# Profibus Verteiler



## Farinin (2 August 2007)

Hallo, sagt mal ist einem bekannt, ob es eine Art Profibusschwitch gibt, denn ich habe es satt, ständig die Leitungsführung zu ändern. 
Schön wäre ein Verteilerblock mit M12 Stecker oder ähnlich!
Plug and Play halt !


----------



## centipede (2 August 2007)

Hi,

vielleicht so etwas:
http://www.brandt-data.de/profibus/profihub/profihub_b5.html

Gruß Centi


----------



## Gecht (2 August 2007)

Was ist mit "normalen" Reapetern?
Da hast Du auch 2 Stichleitungen.
Weiss jetzt zwar keinen, aber die gibts bestimmt auch fürs Feld mit IP65 und M12.


----------



## Maxl (3 August 2007)

Murrelektronik hat auch sowas im Programm.
Läuft unter dem Dach des Cube67-Systems.

http://www.murrelektronik.com/de/service/download/index.php?action=view&cat=632
Cube67 Profibus Repeater DP | DE | EN
(56960)
http://www.murrelektronik.com/de/se...25&PHPSESSID=2cf29f3184af184fde26875fd8ba34d4
Falls der direkte Link nicht funktioniert.
Bitte unter www.murrelektronik.de suchen
Support --> handbücher --> Feld aktiv --> Cube67 --> Cube67 Profibus Repeater DP | DE | EN (56960)


mfg
Maxl


----------



## Farinin (3 August 2007)

Hallo, ja die Richtung stimmt. Leider bekomme ich den "Murrel-Link" nicht auf.
Ich suche letztlich ein passives Bauteil, welches...
... z.B. 8 Anschlüsse für DP hat
... erkennt ob ein Stecker angeschlossen ist und dann den Bus entsprechend "umleitet"


----------



## Farinin (3 August 2007)

Hallo,
ich habe gerade nochmal die Einstellung in Step 7 kontrolliert, und ist mir aufgefallen, dass die Schnittstelle als MPI läuft.

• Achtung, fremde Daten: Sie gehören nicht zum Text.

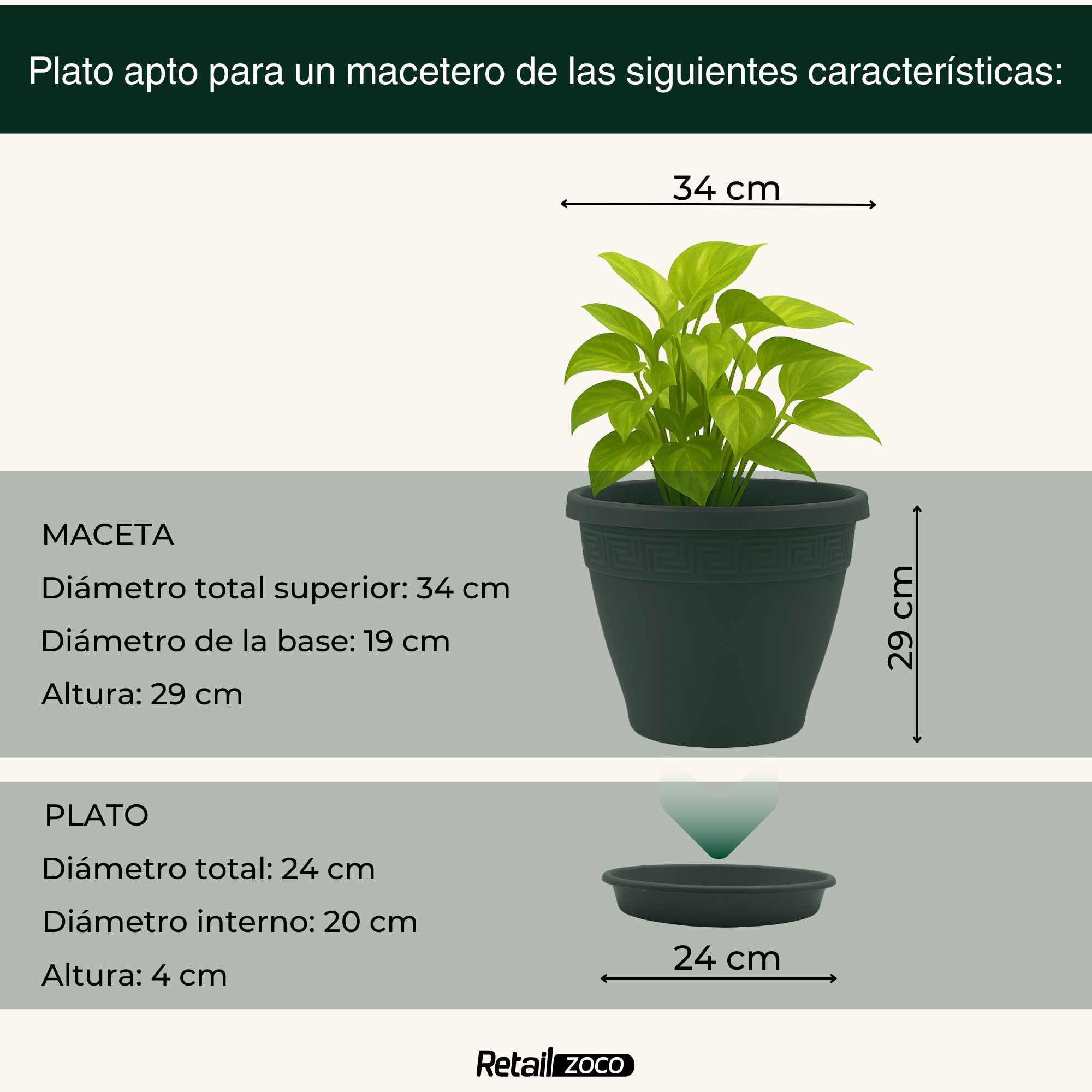 Plato de maceta Antracita apto para maceta de 35 cm - imagen 3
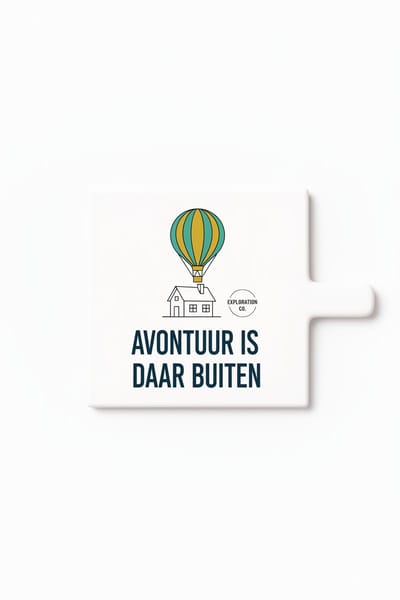 Avontuur Is Daar Buiten Keramische Tegel – Nederlandse Luchtballon Reis Quote Wanddecoratie Cadeau voor Avonturiers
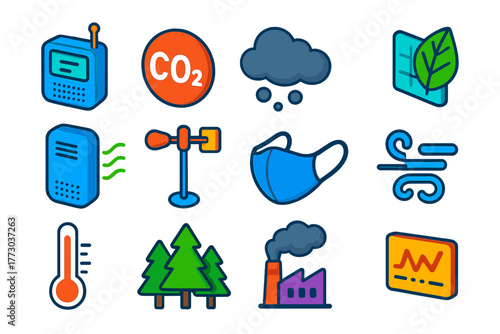 Air Quality Icons. Isometric vector illustration set Air Quality and CO2 Icons: air quality sensor, CO2 molecule symbol, smog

Daher stelle ich mir gerade die Frage wie überhaupt die Topologie von der MPI Verdrahtung aussieht.
Linie oder Parallel????


----------



## centipede (3 August 2007)

Die Topo von Profibus und MPI unterscheiden sich nicht.
Der einzige Unterschied ist, dass bei MPI schon nach 50m ein Repeater gesetzt werden muss.

Gruß Centi


----------